Required action: Using only the entries below, output the lines starting at the one containing "Cromo Trading Card" and ending at the one containing "Andersson Bell Mika", exactly and inclusive of both, omitting the pictures.

Source data:
....

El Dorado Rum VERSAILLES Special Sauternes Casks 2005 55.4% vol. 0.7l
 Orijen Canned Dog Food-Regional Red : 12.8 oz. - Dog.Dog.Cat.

....

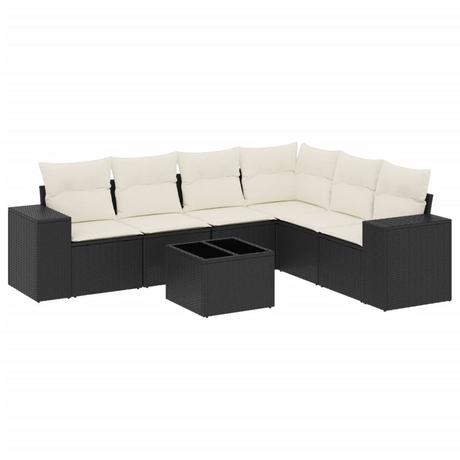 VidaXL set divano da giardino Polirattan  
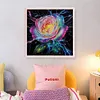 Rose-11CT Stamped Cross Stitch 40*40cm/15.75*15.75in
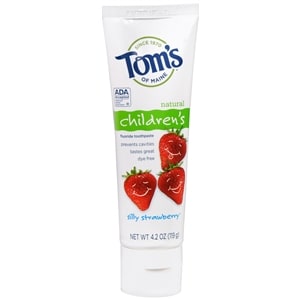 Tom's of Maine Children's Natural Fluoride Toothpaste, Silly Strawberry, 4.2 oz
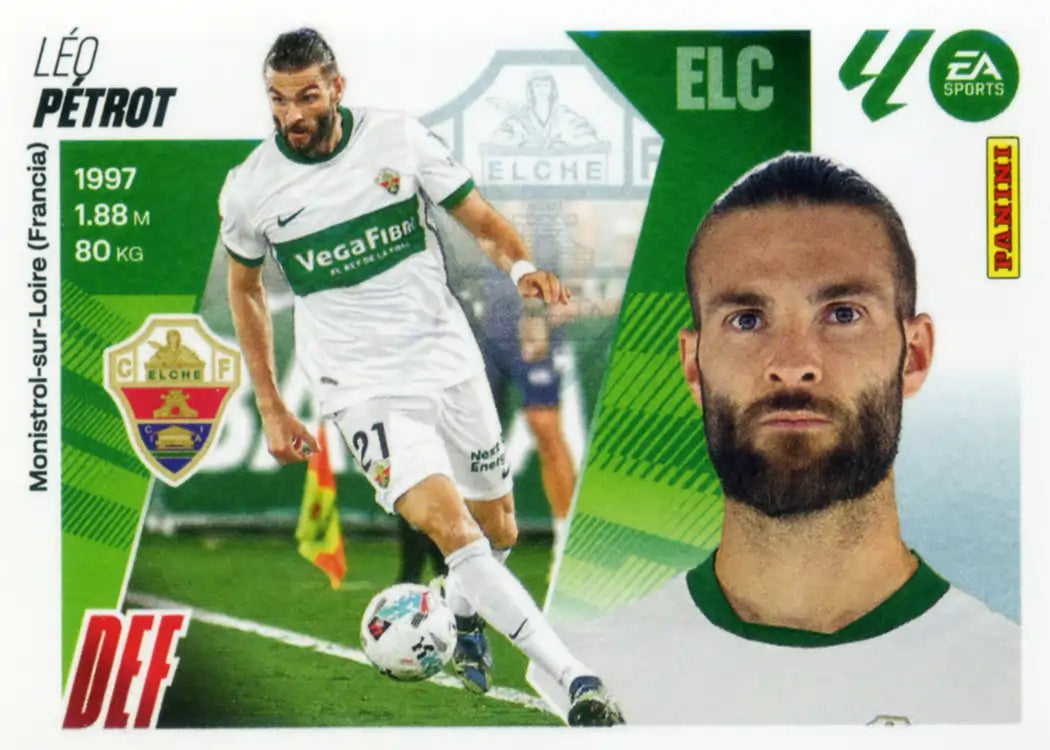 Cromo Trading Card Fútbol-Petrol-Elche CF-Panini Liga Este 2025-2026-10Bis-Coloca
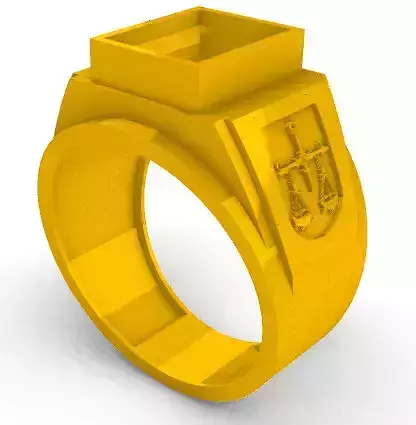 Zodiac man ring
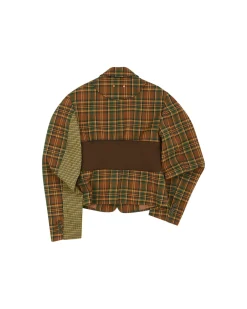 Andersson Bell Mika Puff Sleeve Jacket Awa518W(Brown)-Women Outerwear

....

Solution to this task:
 Cromo Trading Card Fútbol-Petrol-Elche CF-Panini Liga Este 2025-2026-10Bis-Coloca
 Zodiac man ring
 Andersson Bell Mika Puff Sleeve Jacket Awa518W(Brown)-Women Outerwear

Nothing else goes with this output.